How are your feelings about teleconferences? In my experience, they are nearly always a complete disaster. It doesn’t seem to matter if you use Skype or Skype Web, video chat using an app on your phone, or rely on expensive university-paid videoconferencing protocols in rooms that are specifically designed for that purpose, there is always at least one and usually several occurrences of image freezing, breaking, or completely disappearing; of the calls randomly disconnecting; and of people being unable to show slides or other electronic materials, even though the subscription should clearly cover it. When I want glitch-free communication, I always have to resort to the phone. Some VoIP services are excellent.
I am about to head to a meeting which has always been in-person only (all people are local). The meetings are scheduled well in advance and are infrequent. If someone has to be absent, they are absent. Recently, an accommodation request has been made for a reason for which I would personally never request accommodation (convenience rather than necessity or urgency), and now I foresee we will spend 1/3 of the time making sure the person can hear or see us, re-connecting, waiting for them to unfreeze, and repeating stuff because they are cut off. The room is in no way set up to accommodate a video conference and they will be able to only see a couple of people, at best. If the person absolutely must be present, I would much prefer them calling in (although that is a pain, as well, when many people are present and no appropriate conference microphone is available).

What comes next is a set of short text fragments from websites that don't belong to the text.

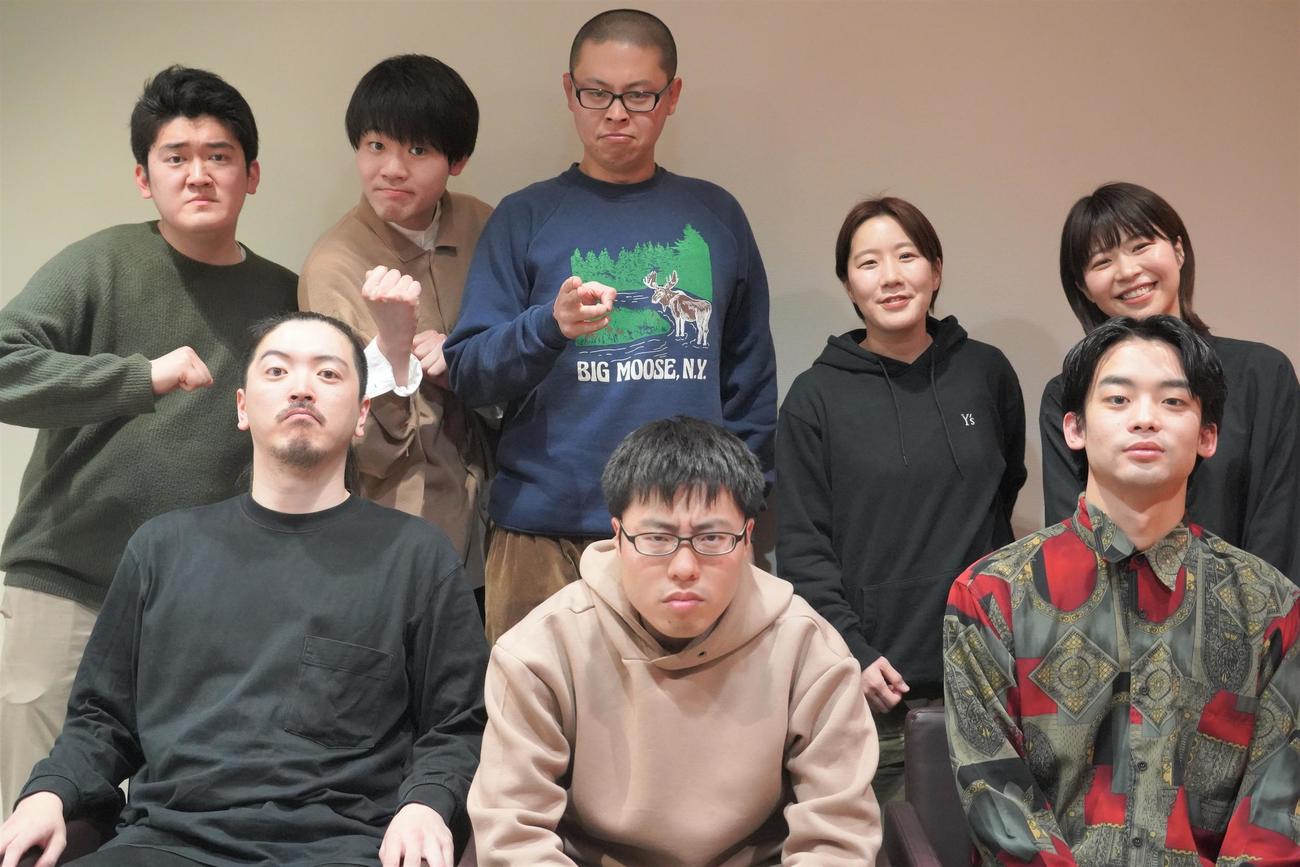 ワタナベお笑いNo・1決定戦決勝に出場する、前列左からお笑いトリオ、ゼンモンキーヤザキ、荻野将太朗、むらまつ。後列左からお笑いトリオえびしゃの佐伯瞭、大根勇樹、中村俊輔、お笑いコンビAマッソ村上、加納（撮影・佐藤成）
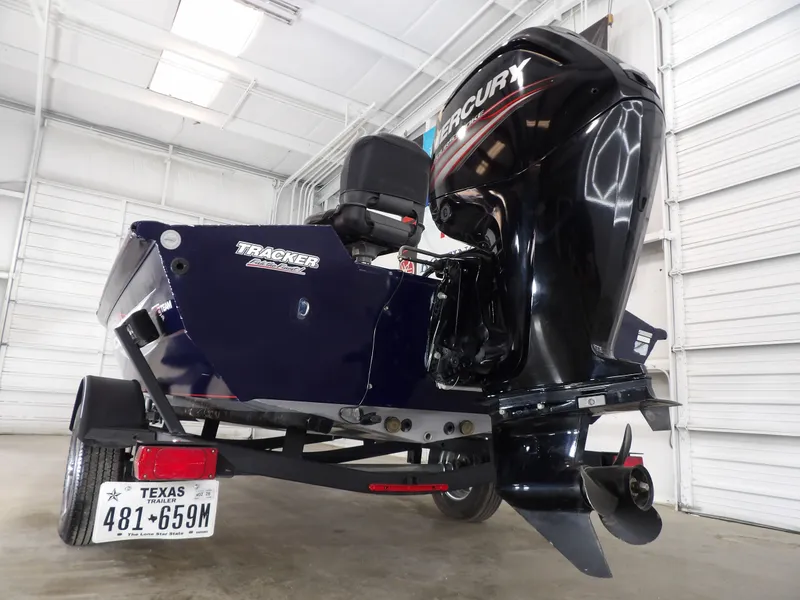 Slide: The Image of Tracker Pro Team 175 2019 - 7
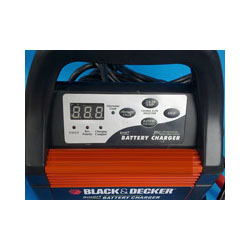 BLACK & DECKER VEC1087CBD バッテリー充電器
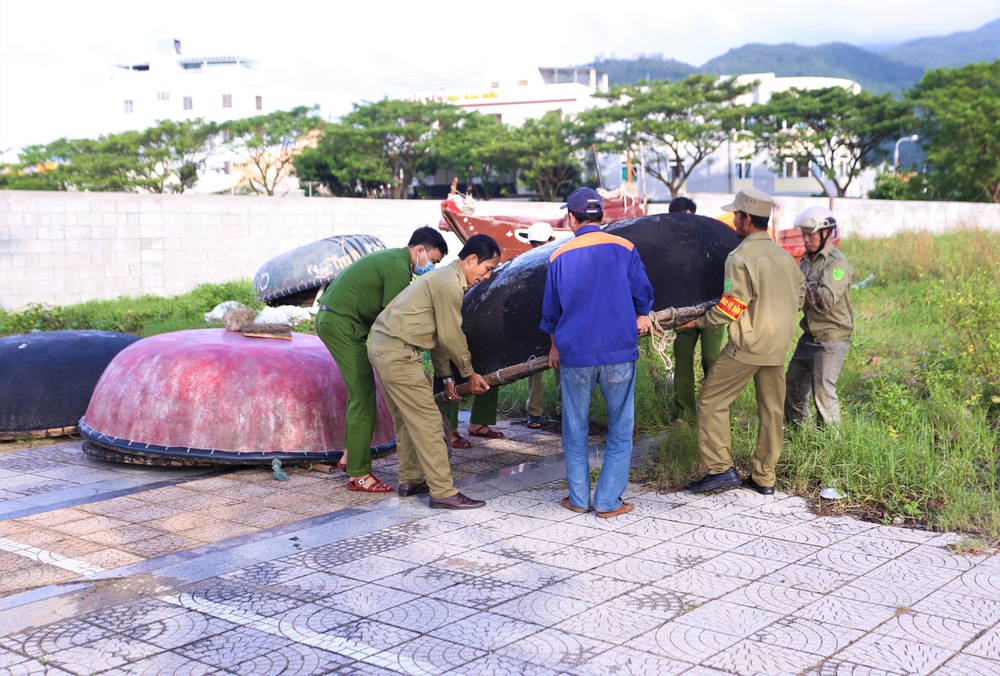 Người dân Đà Nẵng chằng chống nhà cửa, tất bật ứng phó bão số 9 đang sầm sập tiến vào đất liền - Ảnh 5.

I was going to deny the accommodation and tell the person to either show up or sit it out, but a staff person jumped in and offered the requested flexibility. Me denying it now would make me a douche on multiple fronts. However, since I am in charge of the meeting, I most definitely do not want this to become the norm and be sought all the time because it makes us highly ineffective, and what we do is time sensitive, takes considerable focus, and we meet infrequently enough that people can just find a way to just be there in person.